Variable sized windows for moving average

Hi, I saw some libraries for moving averages (RollingFunctions.jl), but I did not find one with the option to make the window size variable.

My specific case would be a moving average over a “time series”, averaging the last x days.

something like this:

using DataFrames
using Statistics
using BenchmarkTools

LEN = 10^4 # 10^7

data = DataFrame(
  timestamp=cumsum(rand(1:3,LEN)),
  values = cumsum(rand(1:0.1:2,LEN))
);

coalesceNothing(x,default) = isnothing(x) ? default : x
getFirstIndex(x,days,i) = coalesceNothing(findfirst((days .+ x .- x[i]).>0),1)
@benchmark data.mean10 = [mean(data.values[i:-1:getFirstIndex(data.timestamp,10,i)]) for i in 1:LEN]

#BenchmarkTools.Trial: 194 samples with 1 evaluation.
# Range (min … max):  24.961 ms …  28.124 ms  ┊ GC (min … max): 0.00% … 0.00%
# Time  (median):     25.533 ms               ┊ GC (median):    0.00%
# Time  (mean ± σ):   25.886 ms ± 756.979 μs  ┊ GC (mean ± σ):  1.92% ± 2.37%
#
#    ▁▆█▆▆█   ▁▆▆                  ▃                             
#  ▇▇██████▄▆▄████▆▆▄▁▁▁▁▁▁▁▁▁▄▃▁▃▄█▃█▇▇▆▆█▇▄▃▁▄▆▇▇█▃▇▄▇▃▃▁▁▁▁▃ ▃
#  25 ms           Histogram: frequency by time         27.5 ms <
#
# Memory estimate: 55.97 MiB, allocs estimate: 78981.


# Version with reduced search space (did not help as I introduced new allocations)

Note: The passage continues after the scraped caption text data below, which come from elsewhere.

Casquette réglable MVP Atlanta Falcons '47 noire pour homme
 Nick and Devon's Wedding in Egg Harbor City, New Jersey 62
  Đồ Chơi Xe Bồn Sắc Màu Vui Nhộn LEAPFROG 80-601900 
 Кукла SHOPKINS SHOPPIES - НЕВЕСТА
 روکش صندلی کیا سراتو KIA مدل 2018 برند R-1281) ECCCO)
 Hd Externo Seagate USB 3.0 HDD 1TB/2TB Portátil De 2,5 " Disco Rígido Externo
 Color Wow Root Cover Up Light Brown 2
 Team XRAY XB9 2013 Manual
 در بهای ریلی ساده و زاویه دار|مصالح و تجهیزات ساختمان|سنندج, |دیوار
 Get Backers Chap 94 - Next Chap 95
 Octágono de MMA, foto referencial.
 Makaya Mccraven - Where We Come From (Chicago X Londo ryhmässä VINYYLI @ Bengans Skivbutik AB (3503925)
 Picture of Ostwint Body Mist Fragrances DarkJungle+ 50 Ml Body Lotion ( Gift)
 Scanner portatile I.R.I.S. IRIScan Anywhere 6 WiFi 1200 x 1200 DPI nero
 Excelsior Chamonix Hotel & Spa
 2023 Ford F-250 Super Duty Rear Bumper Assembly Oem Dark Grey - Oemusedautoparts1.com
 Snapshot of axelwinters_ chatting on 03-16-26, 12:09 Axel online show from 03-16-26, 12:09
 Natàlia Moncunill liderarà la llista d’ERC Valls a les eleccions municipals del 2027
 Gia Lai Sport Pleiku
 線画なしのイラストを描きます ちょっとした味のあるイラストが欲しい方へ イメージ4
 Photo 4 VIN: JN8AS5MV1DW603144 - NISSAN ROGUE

getFirstIndex2(x,days,i) = i+1-coalesceNothing(findfirst([x[i] - xj >= days for xj in x[i-1:-1:1]]),i)
@benchmark data.mean10_2 = [mean(data.values[i:-1:getFirstIndex2(data.timestamp,10,i)]) for i in 1:LEN]

#BenchmarkTools.Trial: 114 samples with 1 evaluation.
# Range (min … max):  41.810 ms … 49.274 ms  ┊ GC (min … max): 4.48% … 7.84%
# Time  (median):     44.207 ms              ┊ GC (median):    5.90%
# Time  (mean ± σ):   44.215 ms ±  1.350 ms  ┊ GC (mean ± σ):  5.87% ± 0.68%
#
#          ▁ ▁  ▄ ▃     ▆▄▃█   ▆                                
#  ▄▁▄▇▆▆▆▄█▇█▆▇█▇█▇▁▄▆▇████▇▁▇█▆▁▇▄▆▄▄▆▄▆▆▁▁▁▆▄▁▁▁▄▁▁▁▁▁▄▁▁▁▄ ▄
#  41.8 ms         Histogram: frequency by time        48.3 ms <
#
# Memory estimate: 433.19 MiB, allocs estimate: 76932.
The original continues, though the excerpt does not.